Post Pandemic: Survival and Recovery in Manufacturing Sector

Post Pandemic: Survival and Recovery are the foremost priorities of the Manufacturing Sector

The immediate financial impact on manufacturers is already resulting in a huge reduction in non-essential spending and investments. Review the fundamental questions like

  • Where are the weaknesses?
  • Where do you make costly decisions and why?
  • How to build a more resilient and agile business?
  • What solutions will help?

The business drivers of Industry 4.0 pre-crisis were focused on competitive advantage, cost reduction, productivity, sustainability and innovation. The goal was to make well run businesses run better.

The focus for many manufacturers now is survival first and foremost and beyond that, damage limitation.

One of the major weaknesses is a lack of real-time visibility across the business due to heterogeneous mix of applications and data silos. Visibility that is essential to support critical business decisions.

Examples include:

  • What is the demand for products and where can we manufacture them?
  • What is the availability of current raw material, finished goods inventory levels
  • How much is our manufacturing capacity, human resources and assets availability?
  • What is our spare parts inventory and where are they based?
  • What is the status of raw material shipments and what alternatives arrangements do we have?
  • How is our finished goods distribution network operating?

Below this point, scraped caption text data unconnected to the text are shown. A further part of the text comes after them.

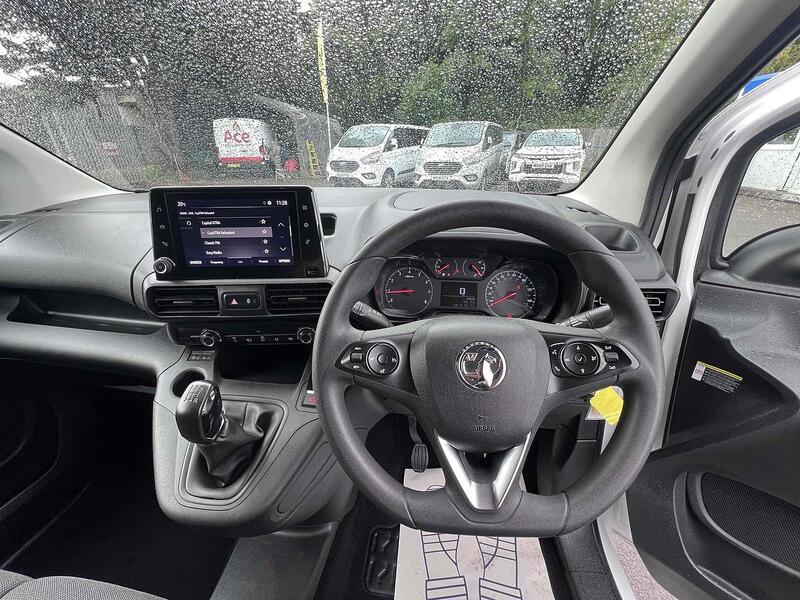 Vauxhall 1.5 Turbo D 2300 Sportive Panel Van 4dr Diesel Manual L1 H1 Euro 6 (100 ps)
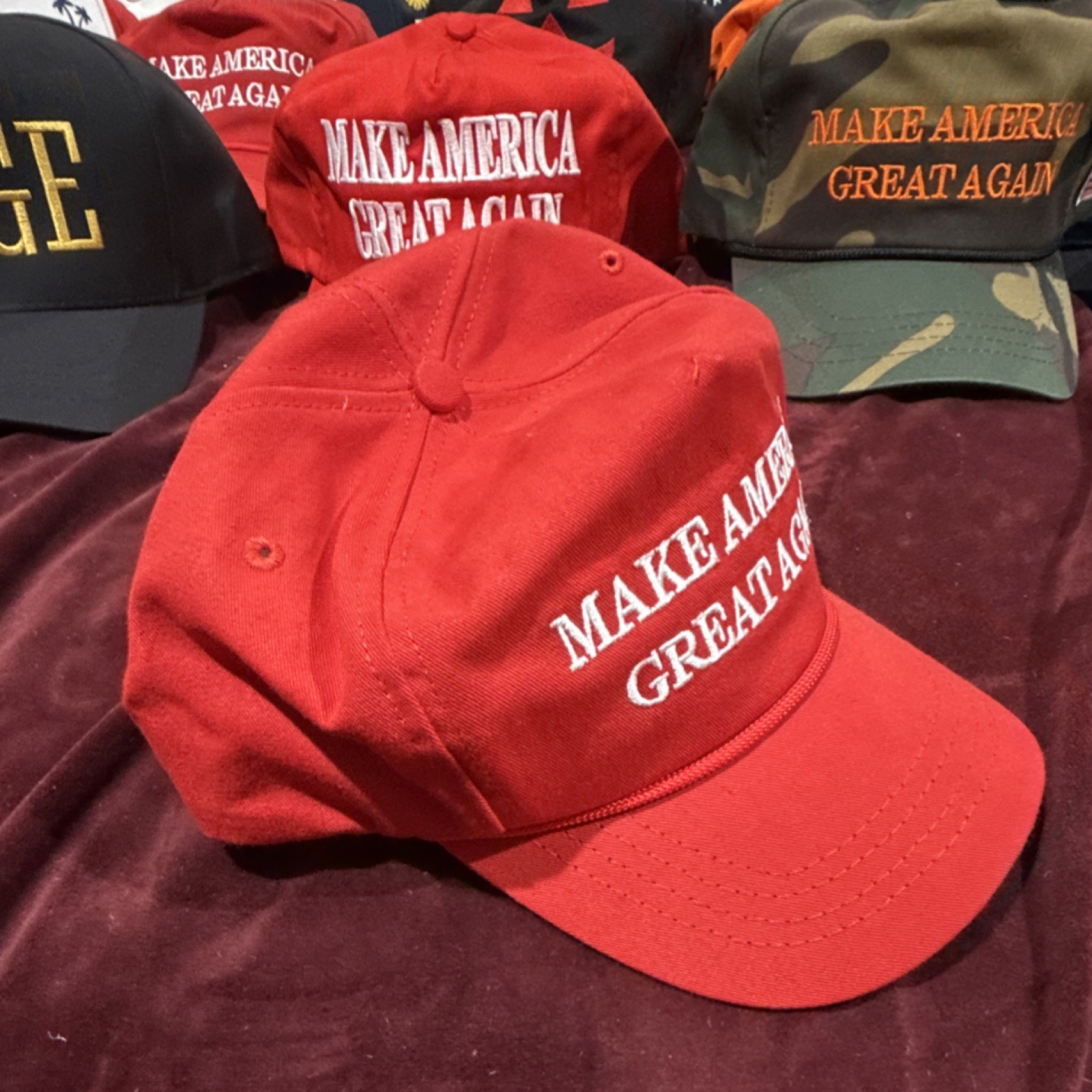 Official Cali-Fame Trump 2016 MAKE AMERICA GREAT AGAIN Red Hat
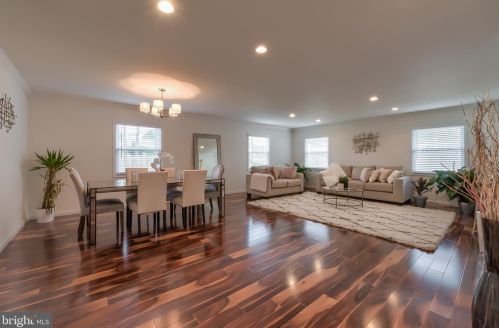 12 Efland Ln, Willingboro, NJ 08046-2213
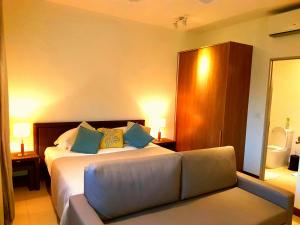 um quarto com uma cama grande e um sofá em Coral Bay by Dream Escapes em Blue Bay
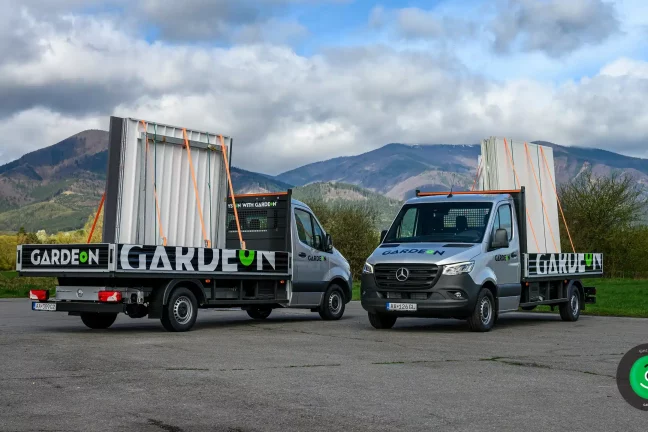 GARDEON-Pritschenwagen, mit denen die Montage durchgeführt wird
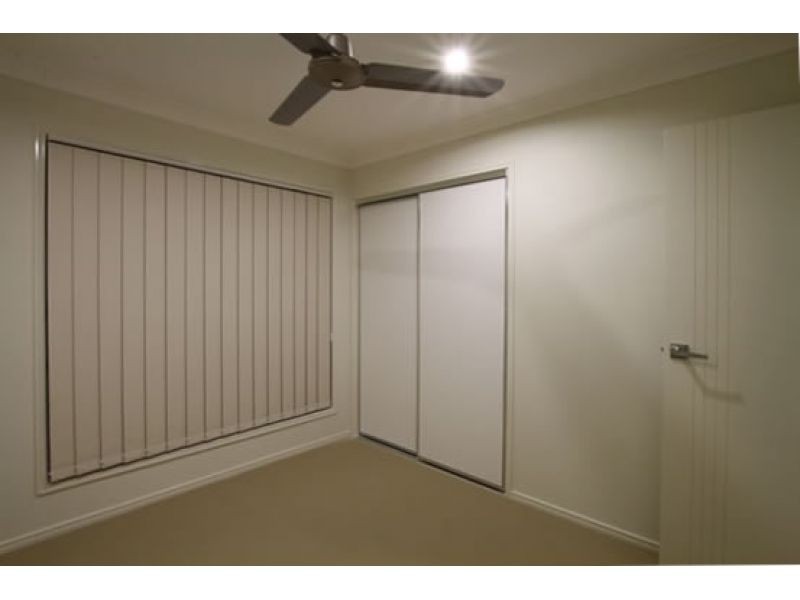 1, 54 Sunflower Crescent, Upper Caboolture QLD 4510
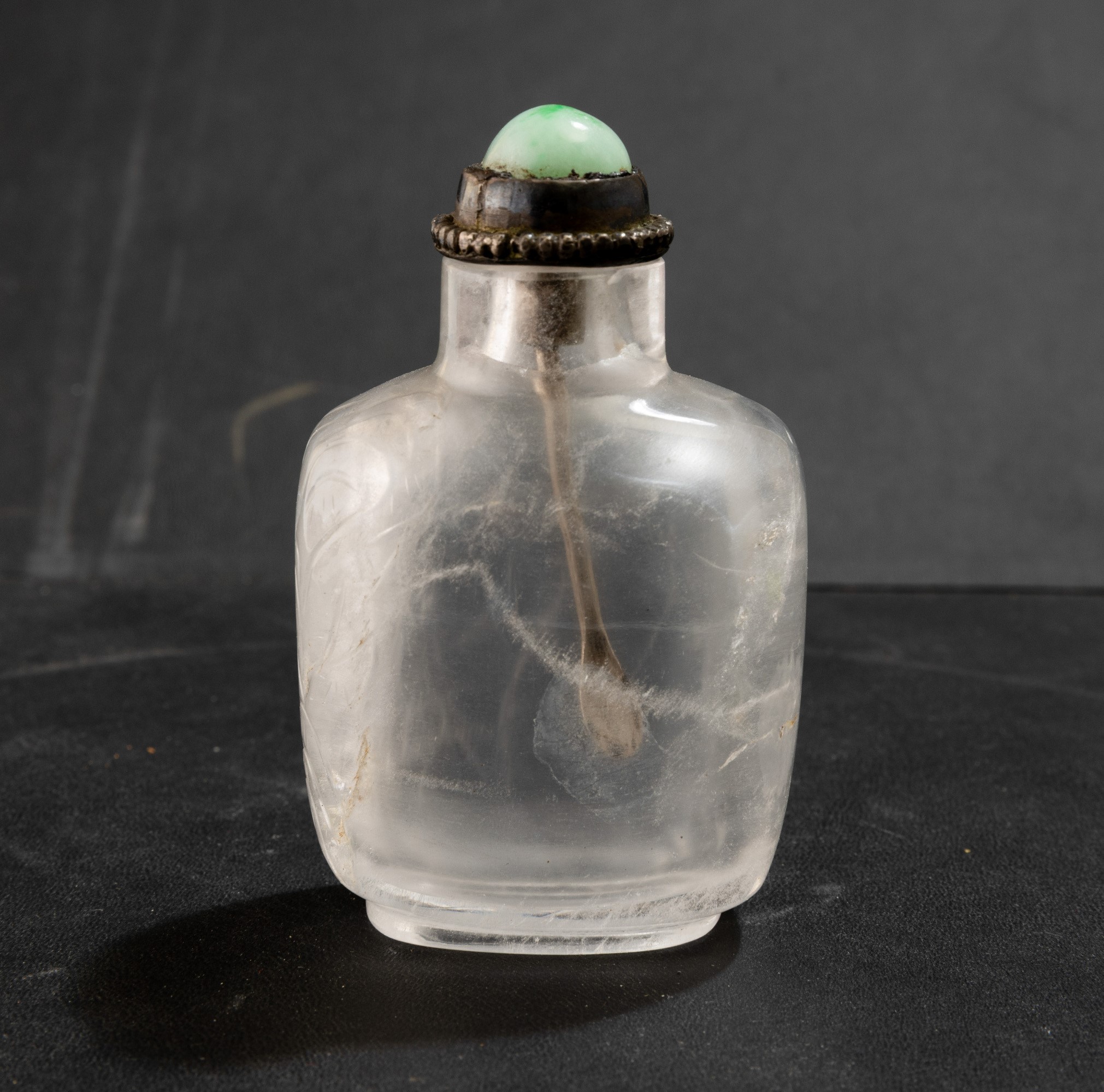 Snuff bottle, in cristallo con tappo in turchese, Cina (Repubblica), alt. 7 cm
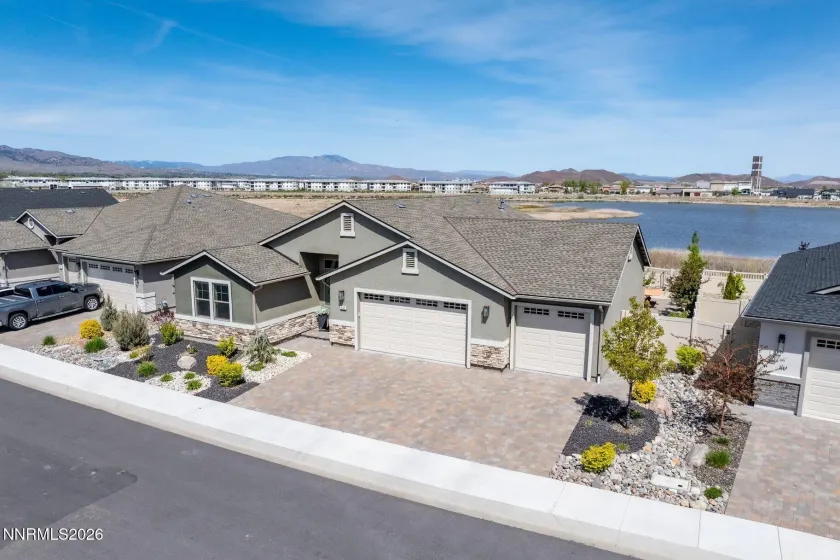 560 Riverbed, Reno, Nevada 89521, 3 Bedrooms Bedrooms, ,3 BathroomsBathrooms,Residential,Residential,Riverbed,260004971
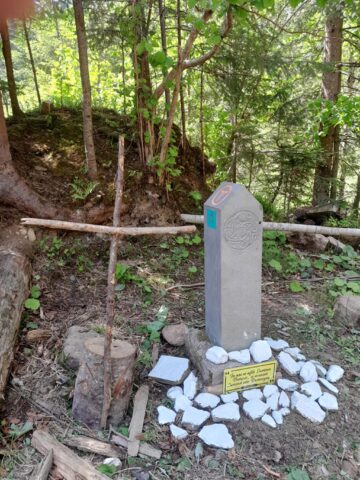 Tinerii voluntari ATOS au igienizat Via Transilvanica, de la Mănăstirea Putna la Mănăstirea Sucevița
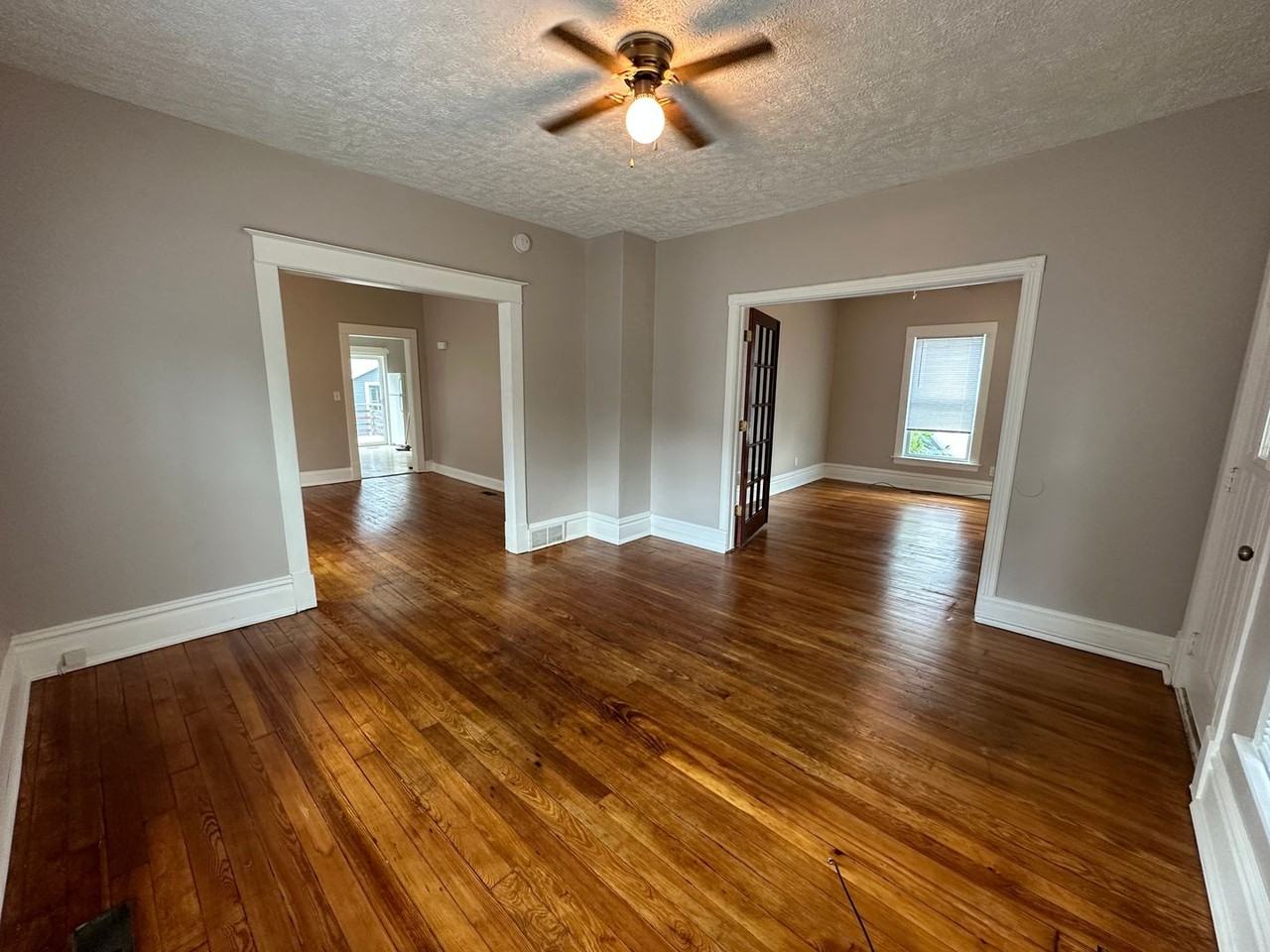 1503 North Ave Ne - Photo 2 of 14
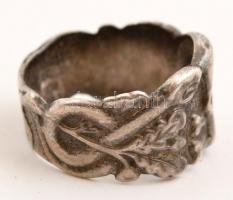 cca 1940 ezüst (Ag.) "SS" gyűrű, belül számozott, jelzett, jó állapotban, méret: 59, nettó...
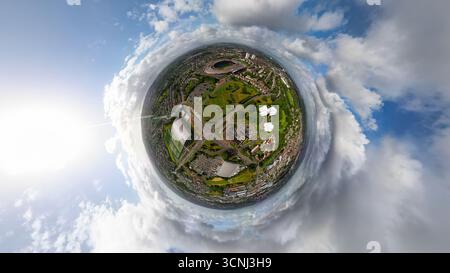 Ein winziger Planet aus der Vogelperspektive des Hampden Park, Schottlands Nationalstadion in Glasgow, Schottland Stockfoto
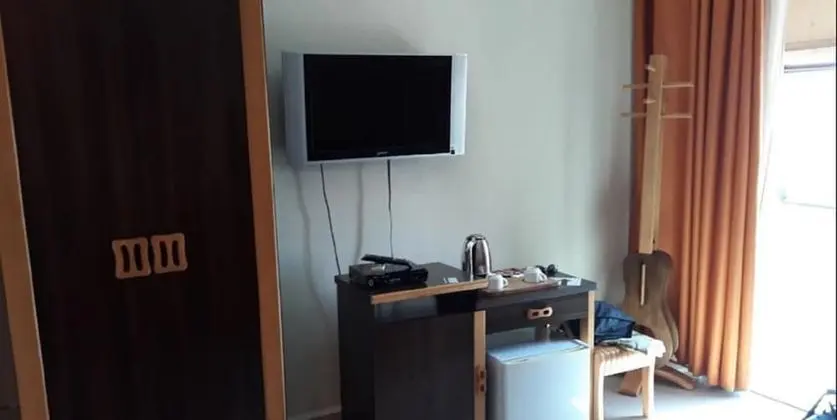 Üç Kişilik Oda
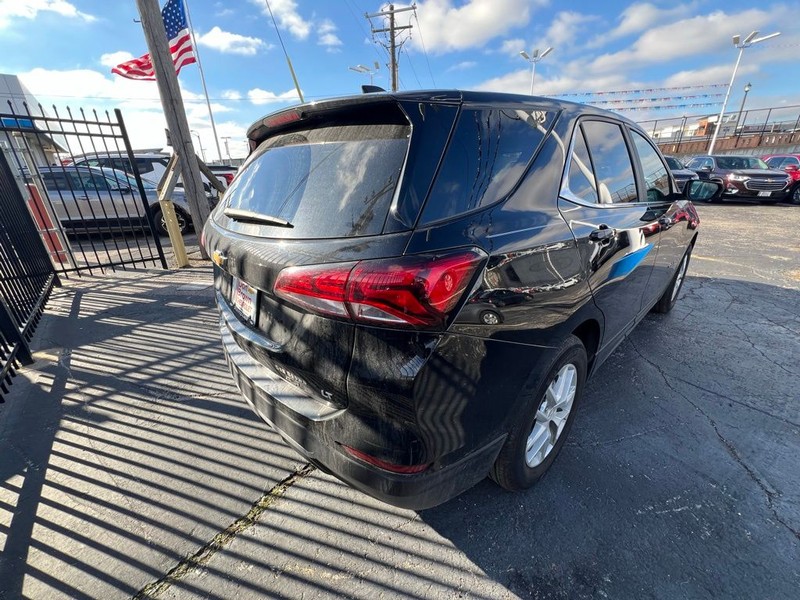 Chevrolet Equinox Vehicle Full-screen Gallery Image 6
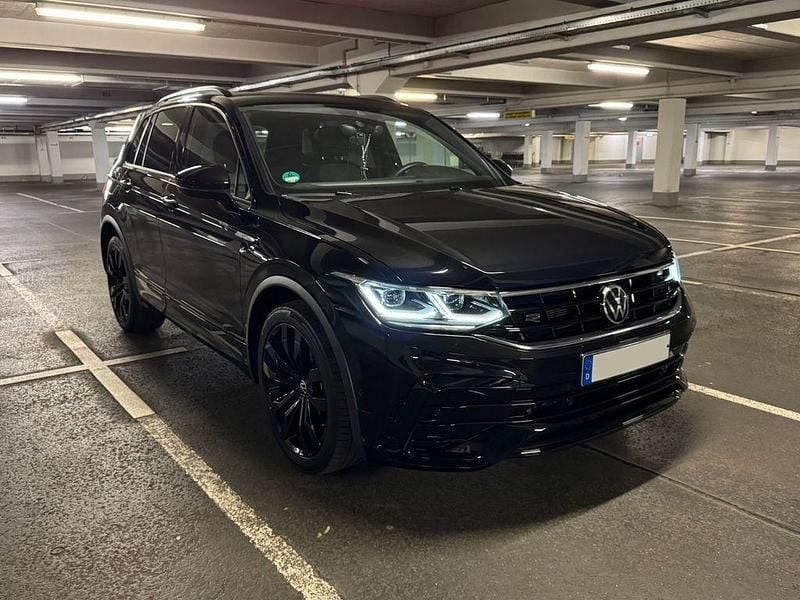 Schwarz Gebraucht 2023 VW Tiguan R-line SUV | 38.500 € (Fairer Preis) - Bild 1/4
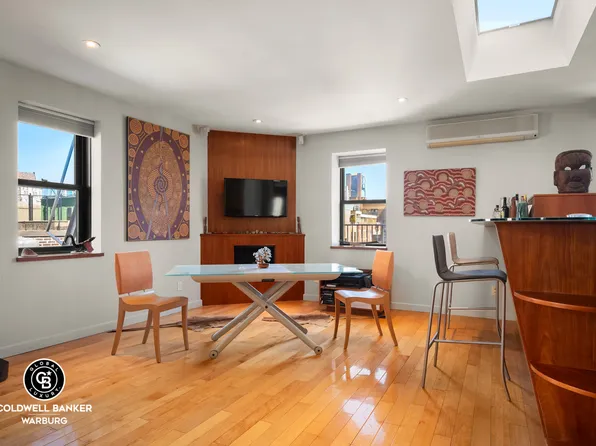 115 East 61st Street image 5 of 11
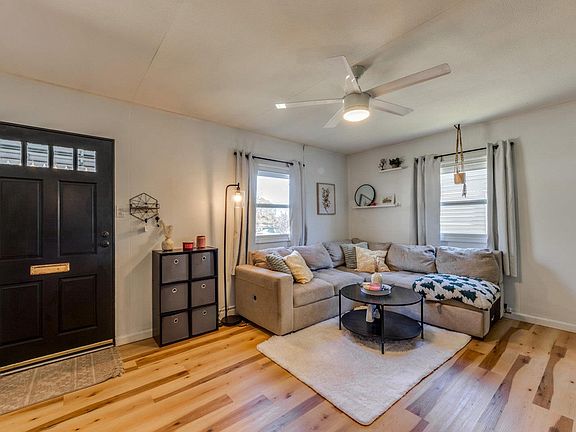 2nd image of 5064 Potomac St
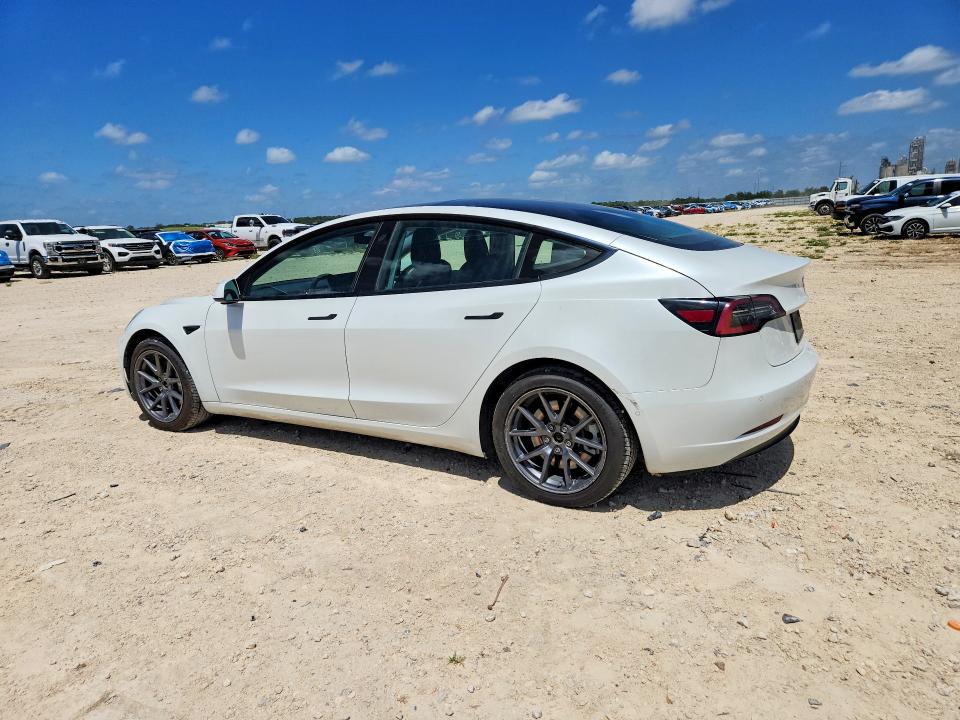 Zdjęcie 2 z aukcji – 2022 TESLA MODEL 3 z VIN 5YJ3E1EB3NF289639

Digital Transformation in the manufacturing can help with all the above current challenges of manufacturers and can:

  • Help make sure that more manufacturing firms survive and recover as soon as possible
  • Help return businesses to normal operations as soon as possible
  • Provide the platform to develop new, more resilient businesses in the medium to long term

Some areas where implementation of new technologies can really make a huge difference like

  • Real-time visibility into the availability of raw materials, finished goods, human resources and assets
  • Use of technologies like AI, ML, Data Analytics to regularly reassess and re-plan activities
  • RPA to support non-value add labor intensive activities
  • The use of mobile technology and AR/VR/MR to enable workers to perform tasks they were not trained for more easily. This could have assisted with skills shortages due to self-isolation or re-purposing of manufacturing
  • 3D printing of spare parts that were stuck in the supply chain
  • Use of robots, crawlers, autonomous electric vehicles and drones to again reduce the dependency on people and to continue social distancing in the manufacturing plants and warehouses.

Key to successful digital transformation is not technology but collaboration. To reduce cost, save time in new product or technology development, to begin the innovation and to do more R&D, collaborate or explore partnership options with the expert teams, organisations and startup community.